Unreasonable Behaviour

The behaviour must be such that it is unreasonable for the person seeking divorce to continue living with their spouse. Domestic or alcohol abuse are a typical examples, although behaviour that is not unreasonable in and of itself, for example if someone acts aggressively as a result of a head injury which was not his or her fault, may also meet the standard.

The test is subjective, taking into account the characteristics of the person seeking the divorce. For example, they may be particularly vulnerable or sensitive to certain behaviour that makes it unreasonable for them to continue to live with their spouse.

Issuing of an Interim Gender Recognition Certificate

A transsexual person may end their marriage on the ground that they have been issued an interim gender recognition certificate by the Gender Recognition Panel.

What is the Difference between Divorce and Annulment?

While a divorce will formally end a valid marriage, an invalid marriage must be annulled. In legal terms, an annulment means the marriage never occurred. (See above concerning invalid marriages.)

What Happens to the Children?

Parents have equal rights and responsibilities for their children and those rights are defined by law. However, the court has an overriding duty to ensure the welfare of the children, and will override parental rights where it decides it is in the best interests of the child to do so.

If an agreement as to residence and contact can be reached by mutual agreement, it will avoid the need for a judge to decide. In discussions about any child, it is important to recognise the need for flexibility and common sense to avoid future disputes. Mediation can also be beneficial and you can ask your solicitor about what this involves and how it can assist you. When an agreement is reached, the court will need to approve the terms and, if satisfied, will grant an order to that effect.

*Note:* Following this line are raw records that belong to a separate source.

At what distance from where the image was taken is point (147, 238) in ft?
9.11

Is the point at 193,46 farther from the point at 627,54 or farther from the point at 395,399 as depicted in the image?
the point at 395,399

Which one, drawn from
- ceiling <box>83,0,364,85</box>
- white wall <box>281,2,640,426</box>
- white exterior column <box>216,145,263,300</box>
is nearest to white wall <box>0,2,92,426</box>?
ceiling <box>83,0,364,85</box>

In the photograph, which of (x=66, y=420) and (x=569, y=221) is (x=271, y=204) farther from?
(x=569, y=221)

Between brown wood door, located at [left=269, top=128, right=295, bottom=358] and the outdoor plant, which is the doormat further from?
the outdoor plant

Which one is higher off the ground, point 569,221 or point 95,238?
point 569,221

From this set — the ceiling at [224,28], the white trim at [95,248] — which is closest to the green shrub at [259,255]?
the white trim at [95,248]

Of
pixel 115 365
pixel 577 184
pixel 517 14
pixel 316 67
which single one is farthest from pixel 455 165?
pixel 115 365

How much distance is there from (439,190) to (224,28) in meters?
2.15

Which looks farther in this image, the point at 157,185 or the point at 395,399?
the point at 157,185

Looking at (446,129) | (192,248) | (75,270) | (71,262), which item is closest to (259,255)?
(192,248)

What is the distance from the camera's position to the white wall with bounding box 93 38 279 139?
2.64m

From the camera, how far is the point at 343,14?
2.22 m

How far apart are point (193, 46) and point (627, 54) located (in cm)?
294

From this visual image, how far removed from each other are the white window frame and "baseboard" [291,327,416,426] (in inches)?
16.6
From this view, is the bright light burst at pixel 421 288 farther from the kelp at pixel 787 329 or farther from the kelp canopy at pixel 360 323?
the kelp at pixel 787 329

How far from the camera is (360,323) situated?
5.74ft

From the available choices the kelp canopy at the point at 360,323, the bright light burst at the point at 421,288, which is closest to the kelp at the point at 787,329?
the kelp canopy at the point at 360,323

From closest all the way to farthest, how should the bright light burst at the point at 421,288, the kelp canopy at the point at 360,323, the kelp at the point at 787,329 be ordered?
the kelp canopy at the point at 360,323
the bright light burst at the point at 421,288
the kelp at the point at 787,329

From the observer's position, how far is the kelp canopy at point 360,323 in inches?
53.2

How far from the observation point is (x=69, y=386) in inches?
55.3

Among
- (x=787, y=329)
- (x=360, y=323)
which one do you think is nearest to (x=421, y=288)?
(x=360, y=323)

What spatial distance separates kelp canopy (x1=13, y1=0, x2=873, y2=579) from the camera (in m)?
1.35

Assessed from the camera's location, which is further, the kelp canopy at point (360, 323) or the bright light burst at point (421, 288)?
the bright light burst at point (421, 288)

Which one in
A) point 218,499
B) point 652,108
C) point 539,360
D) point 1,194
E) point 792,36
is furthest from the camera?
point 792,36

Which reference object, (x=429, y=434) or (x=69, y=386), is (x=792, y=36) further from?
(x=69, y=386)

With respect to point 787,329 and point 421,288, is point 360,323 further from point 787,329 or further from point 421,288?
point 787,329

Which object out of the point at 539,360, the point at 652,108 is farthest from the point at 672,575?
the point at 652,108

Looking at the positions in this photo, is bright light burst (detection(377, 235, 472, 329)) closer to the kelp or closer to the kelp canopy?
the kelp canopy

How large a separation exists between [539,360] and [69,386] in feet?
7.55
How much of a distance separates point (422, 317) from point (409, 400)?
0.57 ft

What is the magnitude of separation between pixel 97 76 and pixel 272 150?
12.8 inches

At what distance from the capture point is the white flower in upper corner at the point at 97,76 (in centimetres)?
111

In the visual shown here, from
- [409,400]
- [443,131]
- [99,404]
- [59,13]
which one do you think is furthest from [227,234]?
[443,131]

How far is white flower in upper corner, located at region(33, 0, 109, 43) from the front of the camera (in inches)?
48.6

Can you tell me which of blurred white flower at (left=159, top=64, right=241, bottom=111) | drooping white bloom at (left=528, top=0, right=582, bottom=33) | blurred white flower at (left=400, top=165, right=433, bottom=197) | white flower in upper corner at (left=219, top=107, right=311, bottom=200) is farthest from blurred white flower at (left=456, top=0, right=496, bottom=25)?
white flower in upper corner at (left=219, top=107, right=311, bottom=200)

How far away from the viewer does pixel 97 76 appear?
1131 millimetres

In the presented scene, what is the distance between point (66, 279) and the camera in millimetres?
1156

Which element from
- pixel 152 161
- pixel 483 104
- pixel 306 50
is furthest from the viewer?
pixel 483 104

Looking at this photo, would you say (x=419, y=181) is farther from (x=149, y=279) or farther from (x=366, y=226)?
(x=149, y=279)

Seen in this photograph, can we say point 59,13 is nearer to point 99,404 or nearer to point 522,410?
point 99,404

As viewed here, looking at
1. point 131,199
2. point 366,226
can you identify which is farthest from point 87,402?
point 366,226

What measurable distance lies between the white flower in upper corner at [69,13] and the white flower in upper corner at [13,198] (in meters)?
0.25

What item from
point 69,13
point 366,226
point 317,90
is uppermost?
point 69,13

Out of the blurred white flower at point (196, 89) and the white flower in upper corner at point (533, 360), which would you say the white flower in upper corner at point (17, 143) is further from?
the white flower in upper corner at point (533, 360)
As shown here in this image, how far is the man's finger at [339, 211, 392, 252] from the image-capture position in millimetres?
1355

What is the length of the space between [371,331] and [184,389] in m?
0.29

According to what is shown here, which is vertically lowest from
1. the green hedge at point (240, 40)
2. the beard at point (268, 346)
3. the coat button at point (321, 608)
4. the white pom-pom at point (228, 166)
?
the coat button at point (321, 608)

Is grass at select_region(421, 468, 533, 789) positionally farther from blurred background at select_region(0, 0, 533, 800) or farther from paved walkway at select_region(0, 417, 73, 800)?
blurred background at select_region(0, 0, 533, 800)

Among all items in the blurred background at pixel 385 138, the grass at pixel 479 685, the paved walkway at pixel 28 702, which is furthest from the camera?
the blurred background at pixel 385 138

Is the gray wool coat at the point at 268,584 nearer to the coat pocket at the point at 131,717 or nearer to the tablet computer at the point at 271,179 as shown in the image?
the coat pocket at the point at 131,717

The question of which party ‘gets’ the children is often the most bitterly contested issue on divorce. Each party will have their own wishes in relation to contact, residence and the future upbringing of the children. The court’s duty is to do what is best for the children and will not deprive them from contact or exclude either from the upbringing of any child without good reason. The court will, if practical, take into account a child’s age and maturity to determine whether the child should be given an opportunity to express their own thoughts and wishes. Expert evidence, for instance from social services and medical professionals, may also be obtained by either or both parties to help the court reach a final decision.

What Orders are Available?

The court can make two types of order in relation to children:

Residence order - A residence order deals with where a child is to live and lasts until the child is 16 (or longer, if the court considers it in the best interests of the child). Residence can be shared between parents and can also be with other family members as named on the order.
Contact order - A contact order covers arrangements for contact with the ‘non-resident’ parent. It generally lasts until the child is 16 years of age.

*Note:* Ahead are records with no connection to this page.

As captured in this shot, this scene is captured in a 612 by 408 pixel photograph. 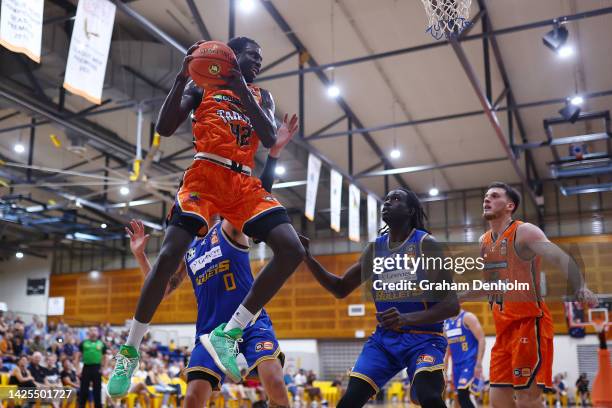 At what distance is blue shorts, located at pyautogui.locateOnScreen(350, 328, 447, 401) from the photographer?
3.97 m

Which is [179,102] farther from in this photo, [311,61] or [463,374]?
[311,61]

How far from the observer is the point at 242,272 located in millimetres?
4406

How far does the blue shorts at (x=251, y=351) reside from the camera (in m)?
4.06

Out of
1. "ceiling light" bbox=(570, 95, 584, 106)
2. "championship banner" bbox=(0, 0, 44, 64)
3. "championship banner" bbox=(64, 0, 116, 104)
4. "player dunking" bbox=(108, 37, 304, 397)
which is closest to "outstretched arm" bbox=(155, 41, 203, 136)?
"player dunking" bbox=(108, 37, 304, 397)

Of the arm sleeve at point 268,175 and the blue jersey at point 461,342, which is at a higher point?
the arm sleeve at point 268,175

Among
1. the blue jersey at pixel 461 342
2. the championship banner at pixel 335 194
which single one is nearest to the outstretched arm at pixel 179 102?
the blue jersey at pixel 461 342

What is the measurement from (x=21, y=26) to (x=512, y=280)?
6400mm

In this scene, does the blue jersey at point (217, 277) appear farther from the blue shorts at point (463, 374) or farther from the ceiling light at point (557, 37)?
the ceiling light at point (557, 37)

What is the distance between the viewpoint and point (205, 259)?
14.6 feet

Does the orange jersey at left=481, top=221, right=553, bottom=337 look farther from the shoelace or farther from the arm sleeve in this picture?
the shoelace

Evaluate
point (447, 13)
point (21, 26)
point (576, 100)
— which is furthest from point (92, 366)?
point (576, 100)

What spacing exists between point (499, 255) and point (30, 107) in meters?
12.3

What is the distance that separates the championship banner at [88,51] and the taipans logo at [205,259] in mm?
5197

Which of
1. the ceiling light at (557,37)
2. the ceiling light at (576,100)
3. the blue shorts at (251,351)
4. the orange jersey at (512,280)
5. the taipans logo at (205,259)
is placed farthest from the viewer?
the ceiling light at (576,100)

The issue of child maintenance is usually dealt with before matrimonial property.

How Much Does it Cost to get a Scottish Divorce?

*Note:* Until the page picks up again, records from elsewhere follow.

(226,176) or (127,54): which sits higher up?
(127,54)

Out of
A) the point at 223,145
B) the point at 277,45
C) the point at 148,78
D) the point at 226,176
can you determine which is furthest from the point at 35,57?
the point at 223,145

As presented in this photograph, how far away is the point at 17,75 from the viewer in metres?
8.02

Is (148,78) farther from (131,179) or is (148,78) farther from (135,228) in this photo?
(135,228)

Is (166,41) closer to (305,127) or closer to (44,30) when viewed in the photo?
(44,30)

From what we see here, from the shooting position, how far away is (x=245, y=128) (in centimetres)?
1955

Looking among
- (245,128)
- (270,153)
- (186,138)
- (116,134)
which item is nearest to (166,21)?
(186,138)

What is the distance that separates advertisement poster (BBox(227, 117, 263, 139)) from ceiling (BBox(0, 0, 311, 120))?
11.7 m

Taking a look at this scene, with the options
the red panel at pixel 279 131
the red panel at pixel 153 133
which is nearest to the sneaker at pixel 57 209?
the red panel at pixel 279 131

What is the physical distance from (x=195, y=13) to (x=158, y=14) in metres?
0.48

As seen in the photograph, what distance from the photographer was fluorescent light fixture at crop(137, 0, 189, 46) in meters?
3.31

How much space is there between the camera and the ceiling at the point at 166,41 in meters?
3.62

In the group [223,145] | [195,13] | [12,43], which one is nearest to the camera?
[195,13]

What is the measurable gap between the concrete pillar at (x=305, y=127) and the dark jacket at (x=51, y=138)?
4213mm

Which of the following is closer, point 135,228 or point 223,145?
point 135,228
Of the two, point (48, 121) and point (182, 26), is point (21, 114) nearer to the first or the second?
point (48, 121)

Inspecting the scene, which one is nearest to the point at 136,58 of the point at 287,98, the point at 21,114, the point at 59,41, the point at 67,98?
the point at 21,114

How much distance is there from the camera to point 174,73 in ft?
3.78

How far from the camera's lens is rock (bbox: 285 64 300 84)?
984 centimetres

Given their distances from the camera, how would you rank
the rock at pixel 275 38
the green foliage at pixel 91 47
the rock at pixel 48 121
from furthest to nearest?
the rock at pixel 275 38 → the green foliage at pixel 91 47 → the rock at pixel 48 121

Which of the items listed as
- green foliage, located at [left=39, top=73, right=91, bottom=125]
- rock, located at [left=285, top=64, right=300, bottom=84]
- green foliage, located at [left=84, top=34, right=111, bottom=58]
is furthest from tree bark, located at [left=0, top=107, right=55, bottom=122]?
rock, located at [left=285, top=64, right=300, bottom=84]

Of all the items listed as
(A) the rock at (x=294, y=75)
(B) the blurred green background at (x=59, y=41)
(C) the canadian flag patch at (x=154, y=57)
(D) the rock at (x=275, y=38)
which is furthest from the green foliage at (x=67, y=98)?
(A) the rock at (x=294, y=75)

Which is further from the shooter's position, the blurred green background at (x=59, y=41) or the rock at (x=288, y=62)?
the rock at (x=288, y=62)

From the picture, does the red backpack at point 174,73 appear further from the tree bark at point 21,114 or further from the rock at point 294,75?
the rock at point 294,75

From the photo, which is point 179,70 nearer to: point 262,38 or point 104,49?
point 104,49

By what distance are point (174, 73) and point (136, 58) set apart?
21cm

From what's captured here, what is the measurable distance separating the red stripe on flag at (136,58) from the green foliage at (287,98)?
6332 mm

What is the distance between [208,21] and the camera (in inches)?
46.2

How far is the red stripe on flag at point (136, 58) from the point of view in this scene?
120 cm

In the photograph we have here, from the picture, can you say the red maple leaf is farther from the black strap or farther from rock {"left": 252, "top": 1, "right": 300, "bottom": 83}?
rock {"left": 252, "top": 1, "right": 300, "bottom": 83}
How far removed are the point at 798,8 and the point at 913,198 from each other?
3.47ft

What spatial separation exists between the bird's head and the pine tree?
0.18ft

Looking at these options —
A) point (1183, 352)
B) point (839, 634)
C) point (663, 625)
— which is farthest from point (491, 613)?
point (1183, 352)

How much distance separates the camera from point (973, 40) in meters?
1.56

Using the simplified procedure incurs a standard court fee. At the other end of the scale, a lengthy court battle in which the parties fail to reach any agreement and the judge has to make decisions about money and children, will incur large legal fees which could reach four or five figures.

Legal aid is available in certain circumstances. A family law solicitor will be able to advise you on the availability of legal aid and on how much your divorce is likely to cost if do not qualify.

What is a Pre-nuptial Agreement?

Before a couple marry, they can enter into a ‘pre-nuptial agreement’, a legally binding contract setting out what they would like to happen to their money and property in the event that they are divorced. Pre-nuptial agreements are particularly useful if one or both partners have acquired substantial assets before marriage and want to protect them in the event of divorce.

As a legally binding contract, its terms will usually be enforced by the court - so long as it is considered ‘fair and reasonable’ and deals only with matrimonial property. A pre-nuptial agreement will not be valid if one party was forced or tricked into making it, if its terms are too vague or it seeks to achieve an illegal result.

How Will Money and Property Be Divided under Scots Law?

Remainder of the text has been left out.